We'll create a dataframe out of the name and URL, then grab the contents of the books from the URL.

# Build our dataframe
df = pd.DataFrame([
    { 'name': 'Pride and Prejudice', 'url': 'http://www.gutenberg.org/cache/epub/42671/pg42671.txt' },
    { 'name': 'Frankenstein', 'url': 'https://www.gutenberg.org/files/84/84-0.txt' },
    { 'name': 'Dr. Jekyll and Mr. Hyde', 'url': 'https://www.gutenberg.org/files/43/43-0.txt' },
    { 'name': 'Great Expectations', 'url': 'https://www.gutenberg.org/files/1400/1400-0.txt' },
])

# Download the contents of the book, put it in the 'content' column
df['content'] = df.url.apply(lambda url: requests.get(url).text)

# How'd it turn out?
df
name url content
0 Pride and Prejudice http://www.gutenberg.org/cache/epub/42671/pg42... The Project Gutenberg eBook, Pride and Prejud...
1 Frankenstein https://www.gutenberg.org/files/84/84-0.txt \r\nProject Gutenberg's Frankenstein, by Ma...
2 Dr. Jekyll and Mr. Hyde https://www.gutenberg.org/files/43/43-0.txt \r\nThe Project Gutenberg EBook of The Strange...
3 Great Expectations https://www.gutenberg.org/files/1400/1400-0.txt The Project Gutenberg EBook of Great Expect...

Now we just feed it to the CountVectorizer, and we get a nice organized dataframe of the words counted in each book!
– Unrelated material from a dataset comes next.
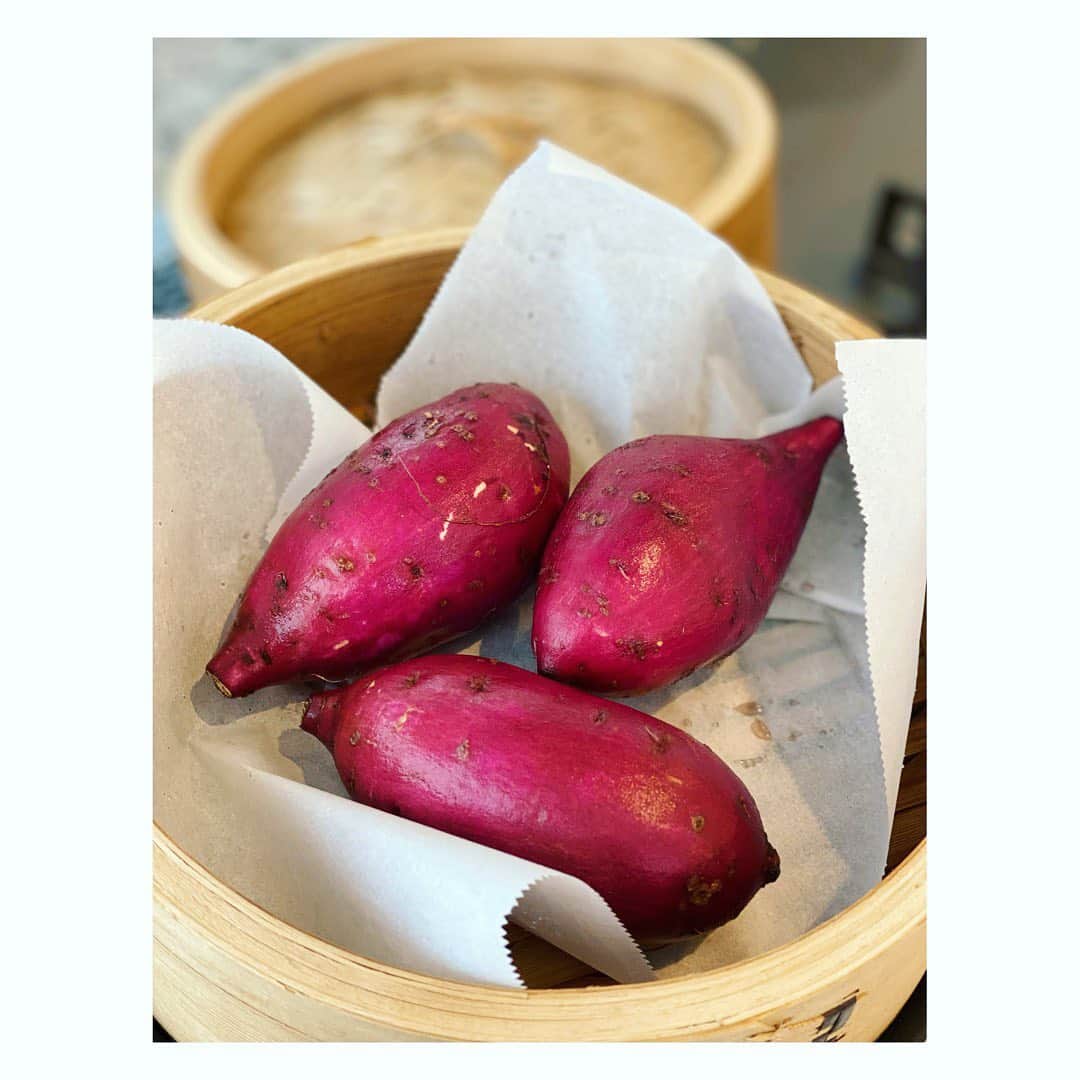 望月理恵さんのインスタグラム写真 - (望月理恵Instagram)「芋蒸す朝✨ 最高の季節です！ さつまいも 食事にもおやつにもいいですよね。  友達がたくさんの野菜を送ってくれました。このお芋もその一つ。 種類は「シルクスイート」 なめらか、しっとりタイプの さつまいもです。 #芋#さつまいも #シルクスイート #芋好き#最高の季節」11月8日 9時31分 - mochiee28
vectorizer = CountVectorizer()

# Use the content column instead of our single text variable
matrix = vectorizer.fit_transform(df.content)
counts = pd.DataFrame(matrix.toarray(),
                  index=df.name,
                  columns=vectorizer.get_feature_names())

counts.head()
000 10 10_th 11 11th 12 12th 13 13th 14 ... yourselves youth youthful youthfulness youths youâ zeal zealous zest zip
name
Pride and Prejudice 1 0 0 0 0 0 0 0 0 0 ... 2 9 0 0 1 0 0 0 0 3
Frankenstein 1 2 0 2 2 2 2 3 1 2 ... 1 21 3 0 0 1 4 0 0 1
Dr. Jekyll and Mr. Hyde 1 0 1 0 0 0 1 0 0 0 ... 0 2 0 0 0 1 0 0 0 1
Great Expectations 1 0 0 0 0 0 0 0 0 0 ... 2 9 2 1 0 0 2 2 1 1

4 rows × 16183 columns

We can even use it to select a interesting words out of each!

counts[['love', 'hate', 'murder', 'terror', 'cried', 'food', 'dead', 'sister', 'husband', 'wife']]
love hate murder terror cried food dead sister husband wife
name
Pride and Prejudice 92 9 0 0 91 0 5 217 50 47
Frankenstein 59 9 21 10 15 27 23 26 2 11
Dr. Jekyll and Mr. Hyde 3 1 10 12 11 0 13 0 0 1
Great Expectations 60 4 20 28 60 8 49 170 16 27

Although though Python's Counter might be easier in situations where we're just looking at one piece of text and have time to clean it up, if you're looking to do more heavy lifting (including machine learning!) you'll want to turn to scikit-learn's vectorizers.

While we talked at length about CountVectorizer here, TfidfVectorizer is another common one that will take into account how often a word is used, and whether your texts are book-long or tweet-short.

Review#

We covered how to count words in documents with scikit-learn's CountVectorizer. It works best with multiple documents at once and is lot more complicated than working with Python's Counter.

We'll forgive CountVectorizer for its complexity because it's the foundation of a lot of machine learning and text analysis that we'll cover later.